PA: Most of the artworks in the [Dallas Contemporary] show were made in the last two years. The exhibition includes several impressive large-scale paintings on wood. There are several older works, the oldest dating back to 2006. The work in our show is more casual and free in appearance and technique. There are references to popular culture, the street, activism, and music. Many of the works are painted on everyday materials such ass wood or cardboard. It is less formal, more youthful in spirit. We also have a wonderful selection of new sculptures in bronze that were made for this show and have never been exhibited before.
Hanging the show.
PA: The exhibition will be on view in Gallery 3, the big space. Nara will be present, we will be working side by side, at a safe social distance, to install the exhibition.

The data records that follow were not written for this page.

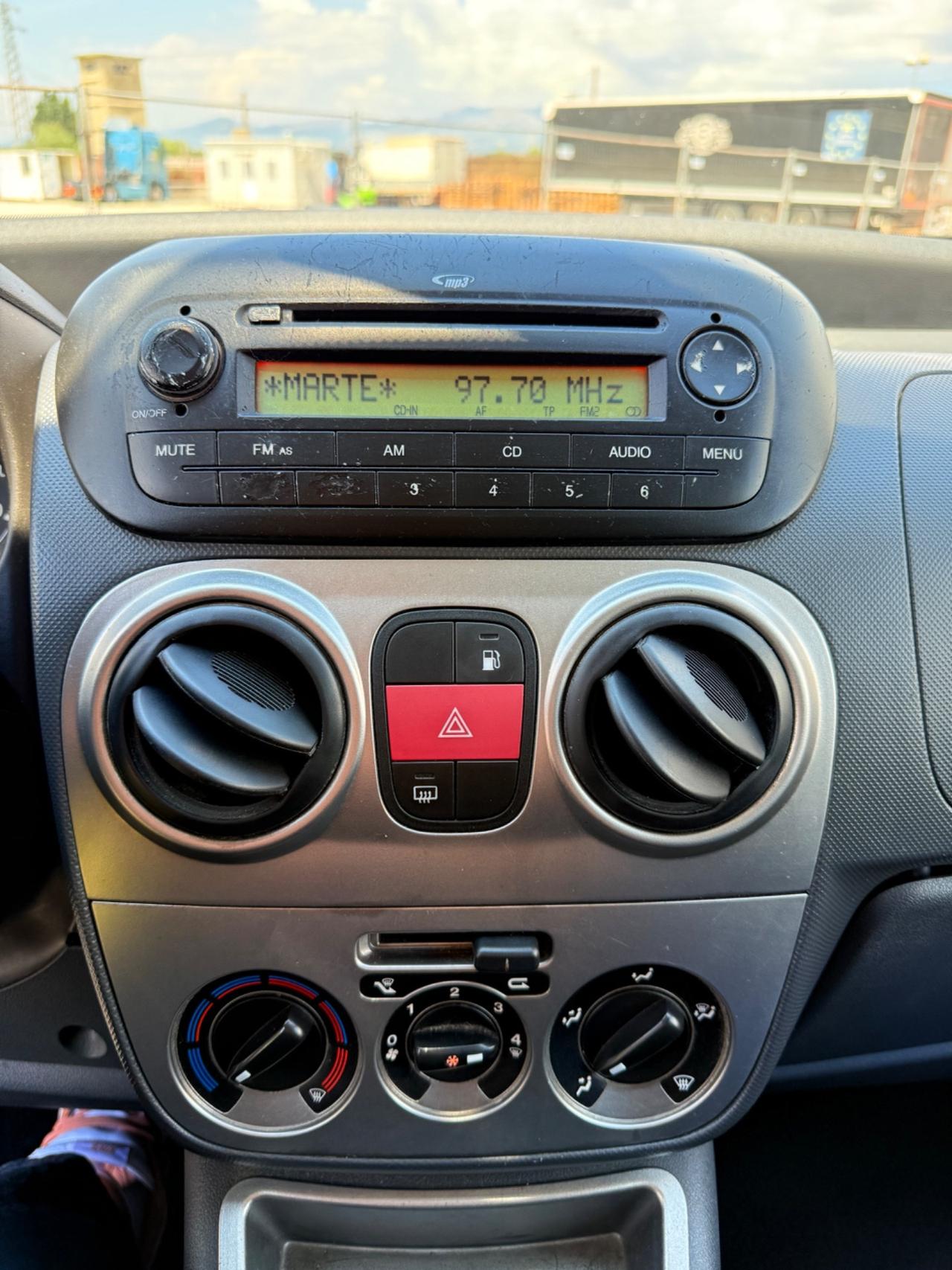 Fiat Qubo 1.4 8V 77 CV Dynamic Natural Power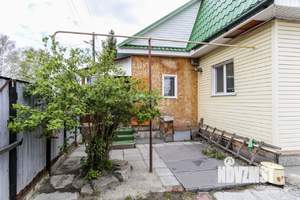 Дом 100м&sup2;, 2-этажный, участок 6 сот.  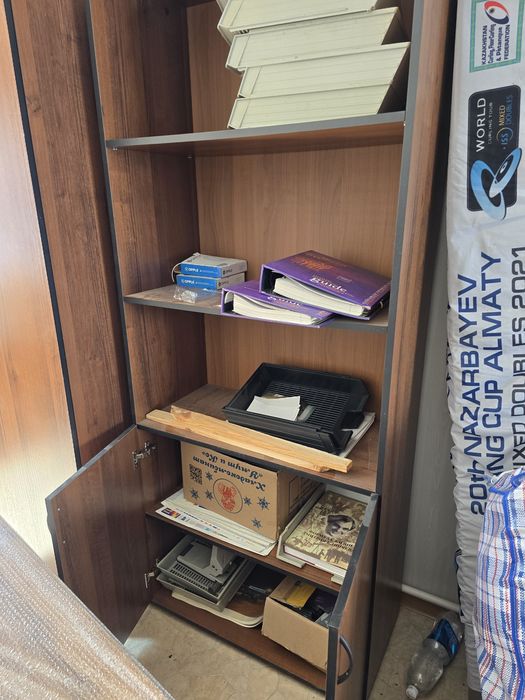 Шкафы, столы, полки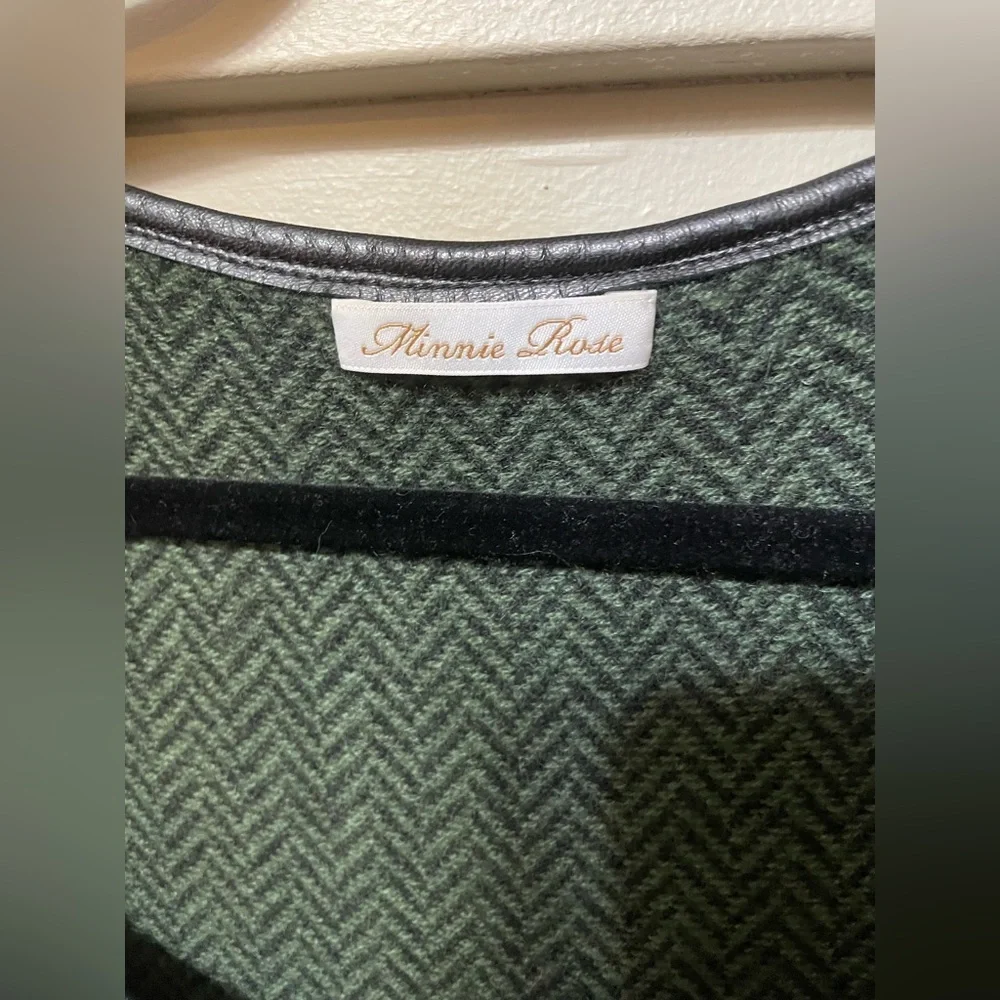 Cashmere Minnie Rose Knee Length Dress - Picture 2 of 8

Secrets of his studio and practice.
PA: Nara lives very simply. He is also quite private. Both are rare qualities in an artist of his stature, which I admire tremendously. He does not have studio assistants. I am impressed that having the ability to work with any foundry in the world he decided to make his bronze sculptures at a university in Japan surrounded by art students. I cannot imagine another artist of his caliber doing that. Nara is unique.
Influences that shaped the artist’s work.
PA: Nara was deeply impacted by his youth in rural Japan. He talks of a solitary childhood surrounded by nature. Music fed his soul, album covers inspired him. Art became a creative release. The tragic 2011 earthquake challenged his ability to paint on canvas. His works on canvas are highly coveted. He could not paint with the pain and tragedy that afflicted Japan. It was in sculpture, the visceral, tactile process of molding clay that he found a creative release during the tragedy.
What you hope viewers take away.
PA: That Nara is a master at conveying human emotion.